## Recorded information
>>>>

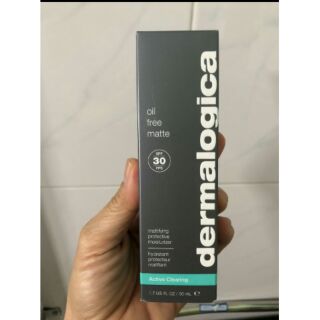 Kem chống nắng cho da dầu,da mụn Oil Free Matte spf30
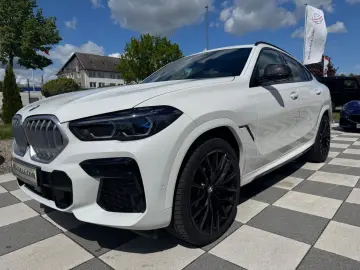 BMW X6 40 i M Sport Carbon 22  Sky Lounge Laser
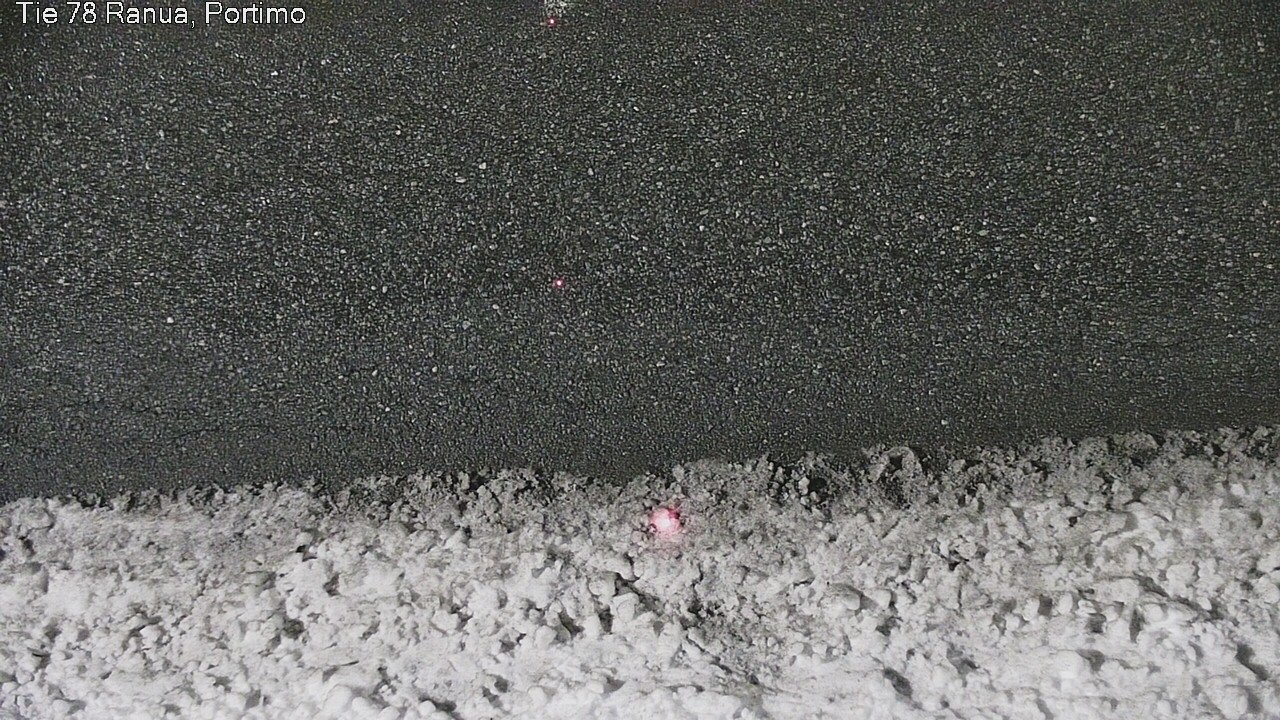 Kelikamerat Kuva Tie 78_Ranua, Portimo, Ranua, Lappi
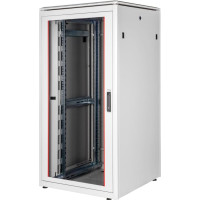 Equip EDF-32-8080-G-HJAA statnis 32U Brīvi stāvošs plaukts Gaiši Pelēks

<<<<

## Work instruction
Write out each line again, exactly as it appears above, except for any picture.

## Solved problem
 Kem chống nắng cho da dầu,da mụn Oil Free Matte spf30
 BMW X6 40 i M Sport Carbon 22  Sky Lounge Laser
 Kelikamerat Kuva Tie 78_Ranua, Portimo, Ranua, Lappi
 Equip EDF-32-8080-G-HJAA statnis 32U Brīvi stāvošs plaukts Gaiši Pelēks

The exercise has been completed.